Exercise objective> Write out the full listing exactly as given, minus the images.
[Opening Data section section]
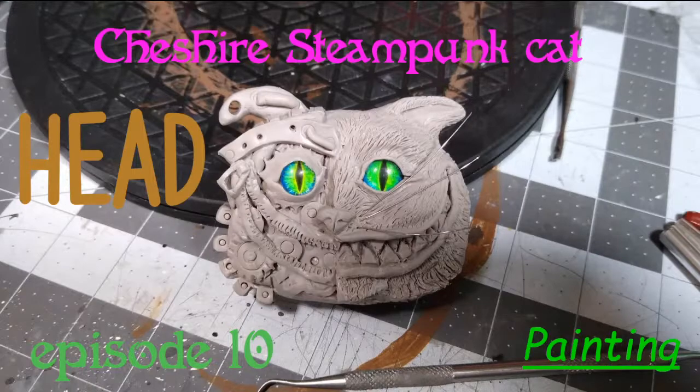Thank you for stopping by Mind Drops. This is another mini. I'm going to paint this Cheshire steampunk cat. I baked him this morning and he's ready to get a coat of paint. Let's have at it.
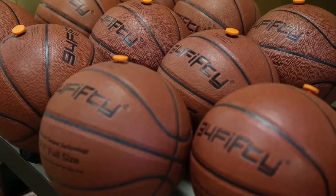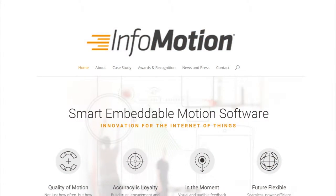The 9450 Smart Sensor Basketball is powered by InfoMotion's technology. We developed the basketball to pretty much be a digital coach, a training tool for any basketball player of any age or any skill level.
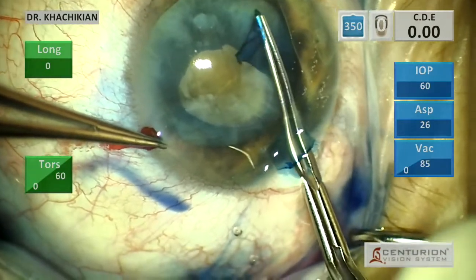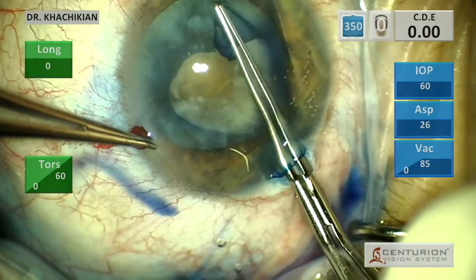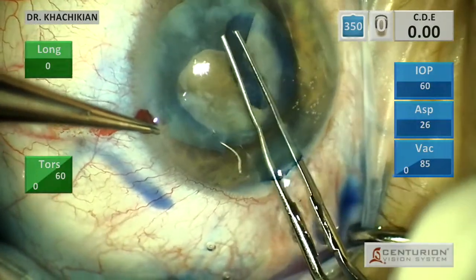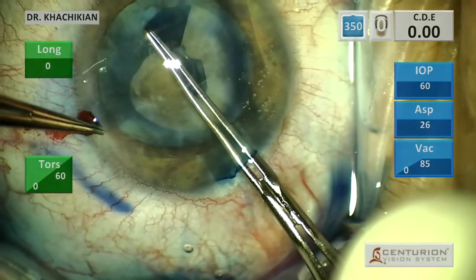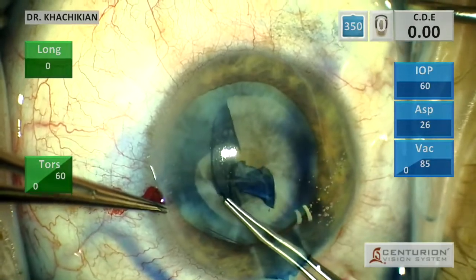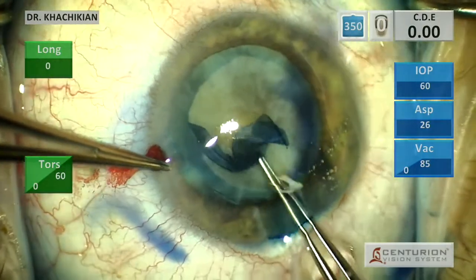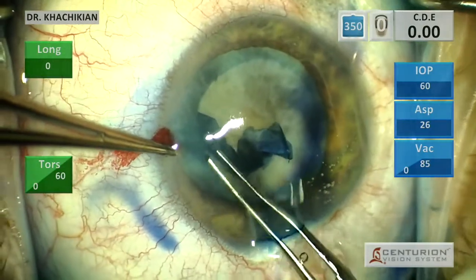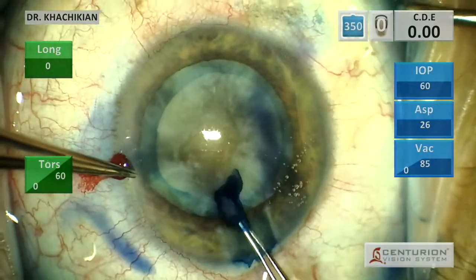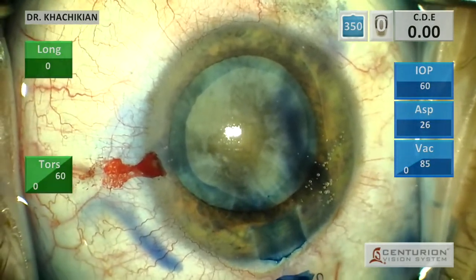In these cases I do try and get a larger capsular rhexis than average. It provides a little more room to work with since there is going to be some extensive nuclear disassembly. You can also stretch the capsular rhexis a little bit more when it's bigger, and in these cases there's a lot of lateral nuclear stretching to disassemble the nucleus properly. The capsular rhexis proceeds really uneventfully — it's nice, shrouded, centered, and fairly large.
[Closing Data section section]
Output for this task>
Thank you for stopping by Mind Drops. This is another mini. I'm going to paint this Cheshire steampunk cat. I baked him this morning and he's ready to get a coat of paint. Let's have at it.
The 9450 Smart Sensor Basketball is powered by InfoMotion's technology. We developed the basketball to pretty much be a digital coach, a training tool for any basketball player of any age or any skill level.
In these cases I do try and get a larger capsular rhexis than average. It provides a little more room to work with since there is going to be some extensive nuclear disassembly. You can also stretch the capsular rhexis a little bit more when it's bigger, and in these cases there's a lot of lateral nuclear stretching to disassemble the nucleus properly. The capsular rhexis proceeds really uneventfully — it's nice, shrouded, centered, and fairly large.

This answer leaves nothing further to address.